Toyota was eager to help drivers see the road better at night. Most pedestrian fatalities occur at that time because walkers are hard to see (alcohol consumption may contribute to this statistic as well). The company was in the early stages of thinking about driverless cars, which would require cameras that see roads and signs not only during the day but also at night. Warrant’s specialty is nocturnal vision in insects, and the automaker wondered if the Lund University scientist could help them develop biology-inspired night vision.
Standard infrared night-vision technology has problems on the road, notes Henrik Malm, one of the mathematicians at Lund whom Warrant recruited for the project. For example, some night cameras illuminate a scene with infrared light and use its reflection to compose an image. That might work for one car to spot a pedestrian at a dark intersection, but if two cars came down a street toward each other at night, both sending out infrared beams, they’d simply blind each other’s cameras. Plus, infrared cameras do not pick up colors, which is a problem with colored traffic signs.
Warrant and his colleagues had learned that one trick night-active animals use is to sum their visual input, adding together incoming light signals to perceive a brighter image in two different ways. An animal’s brain can combine the light signals triggered by several neighboring light receptors and also add up several signals that come in over many milliseconds. Malm set out to design an algorithm that would do the same with images from a digital camera. The concept is simple enough: combine incoming light from several pixels and sum the signal that came in over the past several milliseconds.
But that’s a lot of numbers for a computer to crunch, and for the camera to do drivers any good, it would have to provide the images in real time. “The big challenge was to make it fast enough,” Malm says. He and another Lund mathematician, Magnus Oskarsson, wrote a program that would process the images quickly on a computer graphics card (not standard in typical cameras at the time) that ran the calculations in parallel and thus faster.

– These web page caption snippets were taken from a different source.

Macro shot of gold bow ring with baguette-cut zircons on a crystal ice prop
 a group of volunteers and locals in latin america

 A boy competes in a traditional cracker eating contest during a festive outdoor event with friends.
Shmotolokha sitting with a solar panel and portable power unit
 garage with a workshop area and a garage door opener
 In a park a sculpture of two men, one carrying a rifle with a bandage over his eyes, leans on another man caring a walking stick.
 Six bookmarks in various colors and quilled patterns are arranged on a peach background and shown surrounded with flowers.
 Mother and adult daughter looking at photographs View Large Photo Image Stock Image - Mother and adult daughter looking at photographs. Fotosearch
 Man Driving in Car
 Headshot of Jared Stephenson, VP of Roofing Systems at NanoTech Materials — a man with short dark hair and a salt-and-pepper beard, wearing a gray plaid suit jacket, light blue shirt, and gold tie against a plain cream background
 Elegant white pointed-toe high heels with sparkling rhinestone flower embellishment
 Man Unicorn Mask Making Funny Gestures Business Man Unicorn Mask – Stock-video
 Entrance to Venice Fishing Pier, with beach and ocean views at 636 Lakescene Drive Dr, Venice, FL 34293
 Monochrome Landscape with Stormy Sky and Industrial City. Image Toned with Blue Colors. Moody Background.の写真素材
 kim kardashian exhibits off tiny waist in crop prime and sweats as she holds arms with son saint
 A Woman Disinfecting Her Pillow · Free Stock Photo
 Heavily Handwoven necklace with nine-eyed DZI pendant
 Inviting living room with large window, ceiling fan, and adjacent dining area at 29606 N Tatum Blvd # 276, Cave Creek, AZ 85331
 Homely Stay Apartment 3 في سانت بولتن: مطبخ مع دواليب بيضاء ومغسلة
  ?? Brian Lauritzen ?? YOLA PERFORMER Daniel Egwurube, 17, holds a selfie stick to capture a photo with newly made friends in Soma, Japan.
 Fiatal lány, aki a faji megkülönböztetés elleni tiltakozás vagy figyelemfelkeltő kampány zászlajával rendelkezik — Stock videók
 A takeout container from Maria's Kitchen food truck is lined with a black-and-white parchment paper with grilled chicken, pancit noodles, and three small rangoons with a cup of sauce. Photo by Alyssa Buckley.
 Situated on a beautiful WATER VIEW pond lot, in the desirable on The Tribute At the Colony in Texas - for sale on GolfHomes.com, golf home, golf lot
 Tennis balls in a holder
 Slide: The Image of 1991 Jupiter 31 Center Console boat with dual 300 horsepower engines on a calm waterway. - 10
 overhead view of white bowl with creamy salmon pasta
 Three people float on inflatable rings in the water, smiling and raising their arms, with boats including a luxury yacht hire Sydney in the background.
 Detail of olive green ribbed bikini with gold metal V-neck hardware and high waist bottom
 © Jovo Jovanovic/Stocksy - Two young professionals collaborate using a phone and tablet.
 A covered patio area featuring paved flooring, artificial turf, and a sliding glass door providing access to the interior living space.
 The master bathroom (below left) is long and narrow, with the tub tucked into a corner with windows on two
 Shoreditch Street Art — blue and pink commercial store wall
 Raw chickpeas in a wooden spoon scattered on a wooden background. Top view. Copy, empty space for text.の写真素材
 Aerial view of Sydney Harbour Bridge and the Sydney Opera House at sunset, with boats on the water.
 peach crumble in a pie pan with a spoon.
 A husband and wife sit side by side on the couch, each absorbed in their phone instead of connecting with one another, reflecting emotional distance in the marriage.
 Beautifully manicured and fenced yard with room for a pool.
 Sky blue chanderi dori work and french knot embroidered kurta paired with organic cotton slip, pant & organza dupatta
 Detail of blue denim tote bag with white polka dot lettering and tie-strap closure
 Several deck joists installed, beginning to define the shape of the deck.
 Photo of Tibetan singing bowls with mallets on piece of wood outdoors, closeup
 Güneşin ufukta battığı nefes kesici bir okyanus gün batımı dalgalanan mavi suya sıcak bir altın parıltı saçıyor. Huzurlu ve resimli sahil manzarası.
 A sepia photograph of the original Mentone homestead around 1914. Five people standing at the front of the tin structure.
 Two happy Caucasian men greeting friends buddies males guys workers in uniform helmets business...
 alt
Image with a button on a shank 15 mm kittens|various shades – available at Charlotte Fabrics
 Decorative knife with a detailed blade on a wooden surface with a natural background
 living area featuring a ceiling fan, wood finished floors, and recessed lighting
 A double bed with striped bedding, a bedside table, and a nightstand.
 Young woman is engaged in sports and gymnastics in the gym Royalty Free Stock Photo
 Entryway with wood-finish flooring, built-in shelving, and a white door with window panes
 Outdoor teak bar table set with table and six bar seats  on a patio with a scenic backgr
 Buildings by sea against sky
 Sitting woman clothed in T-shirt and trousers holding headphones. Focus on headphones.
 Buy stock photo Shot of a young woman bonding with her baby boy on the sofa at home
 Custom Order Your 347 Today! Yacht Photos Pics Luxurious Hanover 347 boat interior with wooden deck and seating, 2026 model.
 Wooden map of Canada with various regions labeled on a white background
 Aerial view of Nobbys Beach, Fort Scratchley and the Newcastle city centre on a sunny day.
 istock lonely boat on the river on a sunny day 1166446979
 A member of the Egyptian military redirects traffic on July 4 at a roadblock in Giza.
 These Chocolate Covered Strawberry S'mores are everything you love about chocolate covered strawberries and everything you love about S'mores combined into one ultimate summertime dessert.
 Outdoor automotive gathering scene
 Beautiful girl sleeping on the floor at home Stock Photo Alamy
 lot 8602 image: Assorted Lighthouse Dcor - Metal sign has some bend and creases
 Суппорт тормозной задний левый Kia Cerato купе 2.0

Another challenge the researchers overcame, Oskarsson notes, is that the camera and associated algorithms would have to quickly adapt to changing conditions such as car speed and exterior light levels. Pooling signals over time would work well at slow speeds but might blur the image too much when the driver hit the accelerator.
More than a decade ago the scientists drove their test camera around the Swedish countryside and on streets surrounding Toyota Motor Europe’s headquarters in Brussels. “The algorithm performed incredibly well even though everything was a little bit grainier—and a bit more sluggish,” Warrant says. “It was just like somebody turned the lights on.”
Jonas Ambeck-Madsen, senior manager in artificial intelligence and automated driving for Toyota Motor Europe’s research and development center, called the results “wonderful.” While Toyota hasn’t specified yet what it will do with Oskarsson and Malm’s algorithm, Ambeck-Madsen says it’s certainly something that could be applied to cars the company wants to build.